There is one more portable power tool that I'll be adding soon, and that is the Batteriser which reportedly extends batteries up to 8x longer.
Click Here to read the Yahoo article and watch the video.
The article I was reading stated that it did sound too good to be true, but this new $2.50 gadget promises to bring your AA and C batteries back from the dead.
The article continues,...."You might be skeptical, but the Silicon Valley startup says it’s simply been able to take advantage of a well-known downside of standard batteries. The tiny device works by tapping into the unused energy in a regular Duracell or Eveready. A normal AA or C cell is designed to deliver a steady 1.5 volts, but as the power is depleted the voltage will drop. Once it slips too low, your TV remotes and toys and other devices will stop working. The Batteriser has boost circuitry that will boost the voltage from 0.6 volts to 1.5 volts and will maintain voltage at 1.5—which is a brand new battery.”

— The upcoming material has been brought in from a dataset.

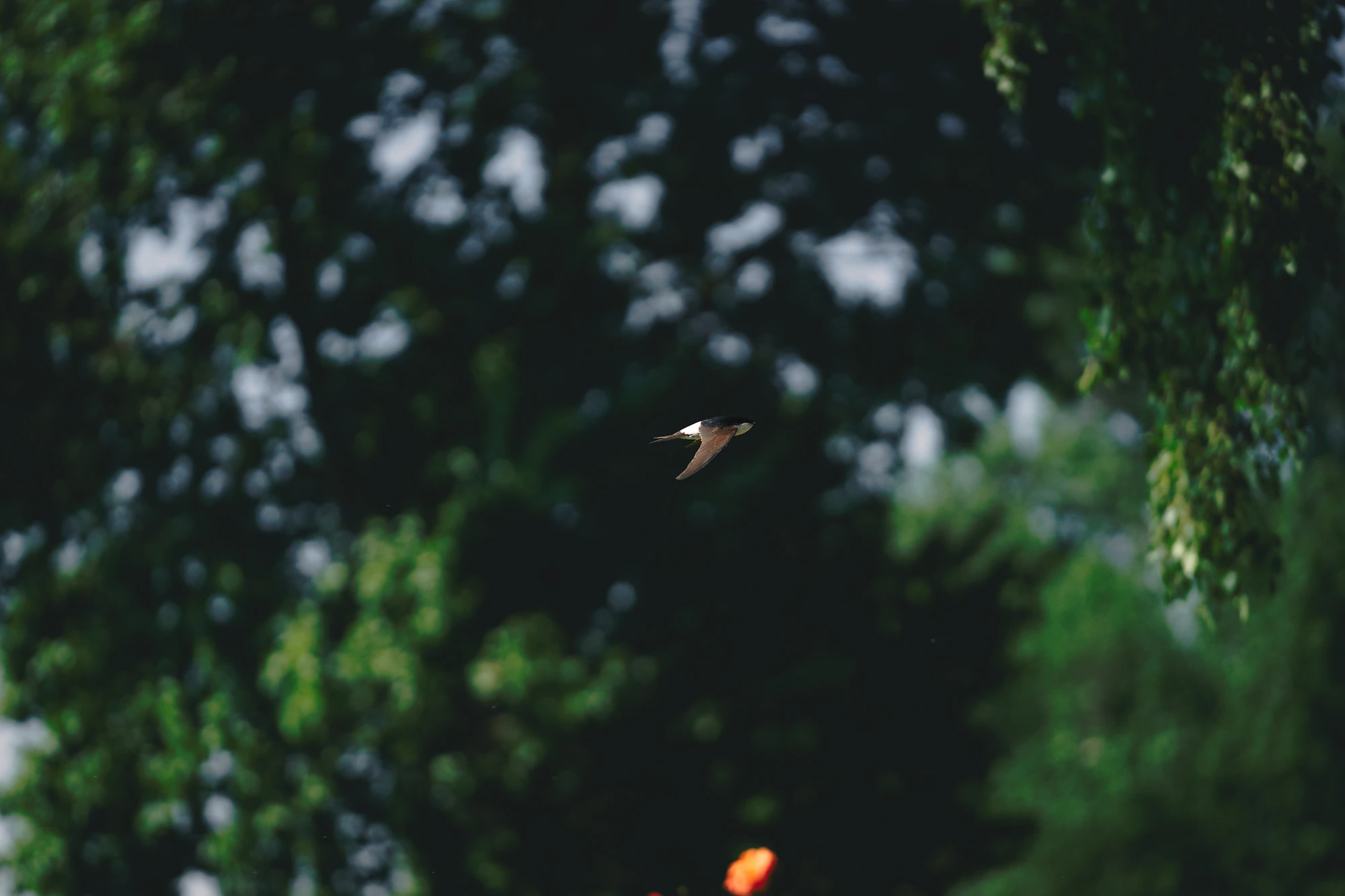 A bird flying in front of a green forest.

Apparently the physics department of San Jose State University also reviewed the Batteriser. “We tested the Batteriser sleeve in our lab and we confirmed that the Batteriser taps into 80 percent of energy that is usually thrown away,” said the university’s Dr. Kiumars Parvin in a statement given to PC World.
So what plans have you made for battery power after the collapse. Remember that in the beginnings or a collapse, much like a natural disaster,. food, bottled water and batteries are the first things that fly off the shelves. Besides who wants to put money into storing one use batteries?